Problem details: Repeat precisely, and only, the lines between the line containing "2024齊齊哈爾市中醫(yī)院牙齒美容怎么樣_整形日記分享" and the end of the listing below, both ends included.

----------------

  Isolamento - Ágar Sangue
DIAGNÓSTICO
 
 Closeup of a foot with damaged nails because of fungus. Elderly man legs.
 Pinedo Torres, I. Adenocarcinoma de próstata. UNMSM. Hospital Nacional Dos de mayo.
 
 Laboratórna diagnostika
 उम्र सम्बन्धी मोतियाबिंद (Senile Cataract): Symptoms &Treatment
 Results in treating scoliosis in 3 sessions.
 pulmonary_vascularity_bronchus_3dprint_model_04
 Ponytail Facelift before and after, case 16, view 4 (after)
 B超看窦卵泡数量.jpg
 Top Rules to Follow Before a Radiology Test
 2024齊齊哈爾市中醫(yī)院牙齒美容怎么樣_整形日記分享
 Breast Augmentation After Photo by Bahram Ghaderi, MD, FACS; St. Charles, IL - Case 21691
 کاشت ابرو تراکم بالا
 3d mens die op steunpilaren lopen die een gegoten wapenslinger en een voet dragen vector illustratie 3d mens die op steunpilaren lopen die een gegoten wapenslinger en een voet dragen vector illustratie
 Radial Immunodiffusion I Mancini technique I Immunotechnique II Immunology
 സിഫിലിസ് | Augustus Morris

----------------

Task output:
 2024齊齊哈爾市中醫(yī)院牙齒美容怎么樣_整形日記分享
 Breast Augmentation After Photo by Bahram Ghaderi, MD, FACS; St. Charles, IL - Case 21691
 کاشت ابرو تراکم بالا
 3d mens die op steunpilaren lopen die een gegoten wapenslinger en een voet dragen vector illustratie 3d mens die op steunpilaren lopen die een gegoten wapenslinger en een voet dragen vector illustratie
 Radial Immunodiffusion I Mancini technique I Immunotechnique II Immunology
 സിഫിലിസ് | Augustus Morris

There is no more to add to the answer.